The series is set in the present day and follows a handful of Gen Xers who settle into an idyllic-looking community that turns anything but ordinary. Sam begins having strange, supernatural visions after arriving, then joins Wally, played by Denis O’Hare, and Judy, played by Alfre Woodard, to dig into the inner workings of the place they now call home.
That setup gives The Boroughs its hook: cocktails and chaos in a retirement community that looks peaceful on the surface but seems built to hide something. Renee, played by Geena Davis, and Jack, played by Bill Pullman, are also part of the ensemble, rounding out a cast that leans hard into the uneasy mix of domestic routine and sci-fi unease.
The Boroughs is created by Jeffrey Addiss and Will Matthews, with the Duffer Brothers serving as producers. Their involvement is likely to invite the same comparison the series has already earned: it looks a lot like Stranger Things set in a retirement home. That framing is no accident. The genre has spent years centered on young kids fighting aliens in the 1980s, and this series shifts that energy onto older characters in the present day.

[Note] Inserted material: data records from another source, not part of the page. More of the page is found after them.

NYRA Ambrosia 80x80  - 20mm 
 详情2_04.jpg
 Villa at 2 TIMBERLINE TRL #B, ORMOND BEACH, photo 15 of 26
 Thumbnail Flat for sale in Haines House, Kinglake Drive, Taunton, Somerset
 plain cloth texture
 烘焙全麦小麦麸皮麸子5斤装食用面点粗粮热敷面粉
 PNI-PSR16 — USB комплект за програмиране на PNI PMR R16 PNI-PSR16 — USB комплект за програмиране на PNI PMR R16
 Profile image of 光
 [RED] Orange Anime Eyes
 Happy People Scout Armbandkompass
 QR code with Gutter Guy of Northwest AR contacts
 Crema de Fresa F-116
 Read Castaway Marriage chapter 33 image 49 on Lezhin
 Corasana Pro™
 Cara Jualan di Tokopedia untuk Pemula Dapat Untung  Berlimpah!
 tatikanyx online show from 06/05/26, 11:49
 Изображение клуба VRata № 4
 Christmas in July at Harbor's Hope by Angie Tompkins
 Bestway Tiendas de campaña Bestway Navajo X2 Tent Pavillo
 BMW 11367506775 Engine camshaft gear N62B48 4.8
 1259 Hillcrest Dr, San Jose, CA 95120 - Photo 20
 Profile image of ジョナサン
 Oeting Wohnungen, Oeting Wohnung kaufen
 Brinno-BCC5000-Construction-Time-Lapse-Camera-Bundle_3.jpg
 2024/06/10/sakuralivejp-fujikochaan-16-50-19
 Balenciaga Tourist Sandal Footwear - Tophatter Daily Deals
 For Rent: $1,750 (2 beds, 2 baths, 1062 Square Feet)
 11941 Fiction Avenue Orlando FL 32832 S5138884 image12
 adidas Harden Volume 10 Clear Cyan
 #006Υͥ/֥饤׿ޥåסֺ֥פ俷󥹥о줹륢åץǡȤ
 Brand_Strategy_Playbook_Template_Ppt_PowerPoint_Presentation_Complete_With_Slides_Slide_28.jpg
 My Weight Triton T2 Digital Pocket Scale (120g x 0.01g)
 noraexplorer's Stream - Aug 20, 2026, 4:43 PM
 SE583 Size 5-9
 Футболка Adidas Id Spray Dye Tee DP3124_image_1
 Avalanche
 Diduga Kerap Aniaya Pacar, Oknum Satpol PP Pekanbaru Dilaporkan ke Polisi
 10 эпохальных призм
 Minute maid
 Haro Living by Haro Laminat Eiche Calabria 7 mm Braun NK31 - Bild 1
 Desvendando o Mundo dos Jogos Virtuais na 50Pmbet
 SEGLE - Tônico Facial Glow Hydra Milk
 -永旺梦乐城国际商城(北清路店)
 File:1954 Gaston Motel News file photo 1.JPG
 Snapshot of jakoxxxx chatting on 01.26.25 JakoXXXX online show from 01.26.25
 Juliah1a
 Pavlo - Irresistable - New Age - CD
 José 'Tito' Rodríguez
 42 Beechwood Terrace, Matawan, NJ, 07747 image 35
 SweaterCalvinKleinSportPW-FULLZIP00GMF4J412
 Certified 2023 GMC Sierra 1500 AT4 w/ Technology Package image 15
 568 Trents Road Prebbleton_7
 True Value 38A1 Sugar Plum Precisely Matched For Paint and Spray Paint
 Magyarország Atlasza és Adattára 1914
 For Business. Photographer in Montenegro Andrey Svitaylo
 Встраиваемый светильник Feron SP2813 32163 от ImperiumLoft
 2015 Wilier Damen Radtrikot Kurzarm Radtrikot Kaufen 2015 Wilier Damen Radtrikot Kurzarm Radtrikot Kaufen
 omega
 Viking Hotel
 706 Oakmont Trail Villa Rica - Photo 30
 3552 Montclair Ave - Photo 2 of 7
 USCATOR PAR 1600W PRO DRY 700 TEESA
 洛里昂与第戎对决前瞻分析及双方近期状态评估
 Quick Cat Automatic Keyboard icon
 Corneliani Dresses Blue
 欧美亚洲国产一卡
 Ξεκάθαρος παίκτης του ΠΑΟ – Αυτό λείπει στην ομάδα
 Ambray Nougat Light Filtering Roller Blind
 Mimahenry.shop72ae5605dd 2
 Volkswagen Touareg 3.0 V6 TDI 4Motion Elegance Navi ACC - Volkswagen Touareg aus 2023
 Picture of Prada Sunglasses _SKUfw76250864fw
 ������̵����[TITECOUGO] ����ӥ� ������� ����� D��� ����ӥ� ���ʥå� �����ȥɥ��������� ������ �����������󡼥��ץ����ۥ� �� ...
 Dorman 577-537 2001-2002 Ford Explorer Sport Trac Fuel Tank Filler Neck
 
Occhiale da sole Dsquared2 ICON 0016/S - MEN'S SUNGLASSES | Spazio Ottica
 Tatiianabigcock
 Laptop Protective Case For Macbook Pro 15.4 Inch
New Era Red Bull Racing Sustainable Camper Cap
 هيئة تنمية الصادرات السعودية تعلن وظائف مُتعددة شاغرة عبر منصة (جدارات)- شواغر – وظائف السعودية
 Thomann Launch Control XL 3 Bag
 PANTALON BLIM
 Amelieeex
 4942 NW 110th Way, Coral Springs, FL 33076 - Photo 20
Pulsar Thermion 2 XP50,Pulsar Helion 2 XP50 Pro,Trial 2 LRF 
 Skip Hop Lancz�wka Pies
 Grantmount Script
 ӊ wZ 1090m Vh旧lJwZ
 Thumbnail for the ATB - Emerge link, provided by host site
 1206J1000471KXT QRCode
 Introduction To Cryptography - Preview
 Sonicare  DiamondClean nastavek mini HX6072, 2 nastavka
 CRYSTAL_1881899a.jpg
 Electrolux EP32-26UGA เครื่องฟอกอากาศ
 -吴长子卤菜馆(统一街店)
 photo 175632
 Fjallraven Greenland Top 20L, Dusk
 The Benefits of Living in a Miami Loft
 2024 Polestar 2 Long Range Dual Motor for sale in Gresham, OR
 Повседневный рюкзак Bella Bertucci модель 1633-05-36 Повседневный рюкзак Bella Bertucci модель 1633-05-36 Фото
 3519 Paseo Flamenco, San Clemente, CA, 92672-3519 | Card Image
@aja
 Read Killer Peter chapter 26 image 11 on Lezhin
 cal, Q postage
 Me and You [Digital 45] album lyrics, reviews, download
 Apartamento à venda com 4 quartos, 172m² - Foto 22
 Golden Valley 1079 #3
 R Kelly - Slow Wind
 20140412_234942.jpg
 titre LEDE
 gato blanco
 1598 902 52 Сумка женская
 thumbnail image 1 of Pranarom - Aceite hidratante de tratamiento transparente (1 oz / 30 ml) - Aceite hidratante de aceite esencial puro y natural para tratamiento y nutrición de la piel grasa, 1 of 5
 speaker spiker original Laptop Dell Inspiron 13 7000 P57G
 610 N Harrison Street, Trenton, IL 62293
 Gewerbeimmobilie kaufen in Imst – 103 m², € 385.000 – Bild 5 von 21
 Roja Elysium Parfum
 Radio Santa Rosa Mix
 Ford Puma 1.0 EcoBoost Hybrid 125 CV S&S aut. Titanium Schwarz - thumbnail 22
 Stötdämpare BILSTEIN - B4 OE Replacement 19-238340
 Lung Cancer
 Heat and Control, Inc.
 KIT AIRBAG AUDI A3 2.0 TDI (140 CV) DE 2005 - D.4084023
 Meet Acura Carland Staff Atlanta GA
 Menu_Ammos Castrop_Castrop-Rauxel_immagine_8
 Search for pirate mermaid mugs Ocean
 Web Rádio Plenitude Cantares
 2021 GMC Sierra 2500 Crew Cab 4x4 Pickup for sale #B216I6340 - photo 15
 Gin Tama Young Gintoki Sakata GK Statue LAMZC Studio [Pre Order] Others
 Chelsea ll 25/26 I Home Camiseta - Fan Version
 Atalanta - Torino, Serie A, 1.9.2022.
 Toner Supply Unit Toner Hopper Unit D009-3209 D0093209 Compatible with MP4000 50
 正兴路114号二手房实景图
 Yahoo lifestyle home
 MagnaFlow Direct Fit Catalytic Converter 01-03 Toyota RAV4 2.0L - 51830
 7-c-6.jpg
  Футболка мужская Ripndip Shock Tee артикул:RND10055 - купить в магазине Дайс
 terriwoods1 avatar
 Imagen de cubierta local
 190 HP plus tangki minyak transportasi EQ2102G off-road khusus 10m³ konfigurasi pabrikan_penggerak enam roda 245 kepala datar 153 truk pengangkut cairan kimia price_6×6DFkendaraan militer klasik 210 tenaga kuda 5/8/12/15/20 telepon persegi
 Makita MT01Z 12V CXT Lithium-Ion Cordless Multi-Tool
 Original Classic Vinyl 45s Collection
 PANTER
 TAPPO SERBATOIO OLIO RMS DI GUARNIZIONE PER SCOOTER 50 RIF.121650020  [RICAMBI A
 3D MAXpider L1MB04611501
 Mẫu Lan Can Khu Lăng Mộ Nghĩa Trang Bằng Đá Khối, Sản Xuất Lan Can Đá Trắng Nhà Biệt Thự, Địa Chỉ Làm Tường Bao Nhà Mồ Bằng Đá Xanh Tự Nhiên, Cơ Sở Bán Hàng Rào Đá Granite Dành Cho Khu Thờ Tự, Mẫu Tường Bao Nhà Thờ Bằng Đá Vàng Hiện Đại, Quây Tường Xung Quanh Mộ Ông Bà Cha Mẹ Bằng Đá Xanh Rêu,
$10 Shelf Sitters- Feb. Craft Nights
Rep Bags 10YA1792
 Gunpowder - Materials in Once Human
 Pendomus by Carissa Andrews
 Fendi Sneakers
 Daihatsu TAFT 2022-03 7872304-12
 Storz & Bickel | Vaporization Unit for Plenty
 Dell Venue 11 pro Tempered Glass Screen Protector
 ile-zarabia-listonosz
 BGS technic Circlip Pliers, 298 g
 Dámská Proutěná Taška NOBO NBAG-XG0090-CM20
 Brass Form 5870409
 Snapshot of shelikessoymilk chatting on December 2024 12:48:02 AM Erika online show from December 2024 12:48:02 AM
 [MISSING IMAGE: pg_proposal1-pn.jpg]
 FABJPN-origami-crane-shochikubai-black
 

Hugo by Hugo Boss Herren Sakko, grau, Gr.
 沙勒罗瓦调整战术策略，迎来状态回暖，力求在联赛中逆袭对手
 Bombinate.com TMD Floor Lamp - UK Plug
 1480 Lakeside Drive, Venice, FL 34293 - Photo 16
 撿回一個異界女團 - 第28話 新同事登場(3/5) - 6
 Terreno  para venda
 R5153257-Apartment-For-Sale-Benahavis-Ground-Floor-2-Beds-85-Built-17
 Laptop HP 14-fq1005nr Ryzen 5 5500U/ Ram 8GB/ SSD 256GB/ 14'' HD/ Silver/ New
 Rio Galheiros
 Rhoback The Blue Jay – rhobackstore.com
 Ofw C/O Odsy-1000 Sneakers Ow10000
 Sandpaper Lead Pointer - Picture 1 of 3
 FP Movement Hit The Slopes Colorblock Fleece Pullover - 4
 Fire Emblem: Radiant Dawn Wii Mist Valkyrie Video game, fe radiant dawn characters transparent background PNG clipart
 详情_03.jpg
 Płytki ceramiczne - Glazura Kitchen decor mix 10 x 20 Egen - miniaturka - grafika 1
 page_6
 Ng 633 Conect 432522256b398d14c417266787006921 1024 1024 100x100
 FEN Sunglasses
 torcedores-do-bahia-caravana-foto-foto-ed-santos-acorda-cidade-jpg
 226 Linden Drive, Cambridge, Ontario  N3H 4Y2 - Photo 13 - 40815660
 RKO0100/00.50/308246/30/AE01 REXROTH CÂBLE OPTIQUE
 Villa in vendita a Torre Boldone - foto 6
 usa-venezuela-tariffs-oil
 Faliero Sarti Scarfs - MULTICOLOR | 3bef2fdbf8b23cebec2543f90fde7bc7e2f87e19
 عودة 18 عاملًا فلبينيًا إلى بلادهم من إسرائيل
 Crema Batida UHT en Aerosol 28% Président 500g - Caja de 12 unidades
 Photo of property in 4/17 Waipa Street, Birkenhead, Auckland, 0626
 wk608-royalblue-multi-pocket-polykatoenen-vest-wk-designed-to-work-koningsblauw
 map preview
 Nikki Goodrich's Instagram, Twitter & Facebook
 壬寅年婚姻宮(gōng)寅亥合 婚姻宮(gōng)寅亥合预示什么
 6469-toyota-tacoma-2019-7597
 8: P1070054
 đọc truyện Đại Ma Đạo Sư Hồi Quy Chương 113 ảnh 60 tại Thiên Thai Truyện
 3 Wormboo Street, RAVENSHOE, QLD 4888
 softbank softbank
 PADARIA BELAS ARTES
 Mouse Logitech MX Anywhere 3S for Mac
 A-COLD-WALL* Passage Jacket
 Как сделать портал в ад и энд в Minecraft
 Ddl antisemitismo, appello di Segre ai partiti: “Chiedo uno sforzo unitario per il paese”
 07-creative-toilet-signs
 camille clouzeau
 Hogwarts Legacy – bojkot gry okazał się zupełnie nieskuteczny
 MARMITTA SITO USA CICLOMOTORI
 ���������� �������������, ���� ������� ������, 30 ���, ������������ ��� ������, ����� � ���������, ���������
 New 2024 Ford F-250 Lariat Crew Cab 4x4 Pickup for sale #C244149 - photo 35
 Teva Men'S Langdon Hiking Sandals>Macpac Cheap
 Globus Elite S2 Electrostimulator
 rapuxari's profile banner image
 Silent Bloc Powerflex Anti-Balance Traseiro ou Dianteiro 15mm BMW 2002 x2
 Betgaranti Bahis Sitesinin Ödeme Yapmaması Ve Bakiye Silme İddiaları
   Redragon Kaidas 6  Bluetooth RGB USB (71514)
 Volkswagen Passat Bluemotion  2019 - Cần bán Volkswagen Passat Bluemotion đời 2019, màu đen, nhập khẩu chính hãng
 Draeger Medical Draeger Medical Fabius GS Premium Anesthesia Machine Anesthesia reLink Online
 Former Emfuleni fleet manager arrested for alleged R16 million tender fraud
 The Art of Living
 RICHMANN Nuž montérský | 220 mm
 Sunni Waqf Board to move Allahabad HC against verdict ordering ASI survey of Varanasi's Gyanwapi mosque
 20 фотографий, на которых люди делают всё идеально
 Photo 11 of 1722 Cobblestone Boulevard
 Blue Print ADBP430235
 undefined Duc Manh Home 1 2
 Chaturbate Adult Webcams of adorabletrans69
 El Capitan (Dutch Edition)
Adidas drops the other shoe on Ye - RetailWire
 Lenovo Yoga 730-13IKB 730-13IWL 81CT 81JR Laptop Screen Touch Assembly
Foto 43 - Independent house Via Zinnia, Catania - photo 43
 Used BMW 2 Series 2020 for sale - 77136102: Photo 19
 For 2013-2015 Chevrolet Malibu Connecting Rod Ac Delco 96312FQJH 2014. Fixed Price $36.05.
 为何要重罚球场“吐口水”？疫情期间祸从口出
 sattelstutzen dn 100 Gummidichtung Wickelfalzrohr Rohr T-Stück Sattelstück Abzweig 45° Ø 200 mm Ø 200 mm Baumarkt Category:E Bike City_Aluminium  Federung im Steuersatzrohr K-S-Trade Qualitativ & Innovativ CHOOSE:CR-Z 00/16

That is what makes the show more than a novelty. By moving the mystery out of a middle-school hallway and into a retirement community, The Boroughs reworks a familiar formula without losing the tension that made it popular in the first place. The real test now is whether the series can turn that clean premise into something that feels like its own world rather than a replay with walkers instead of bicycles.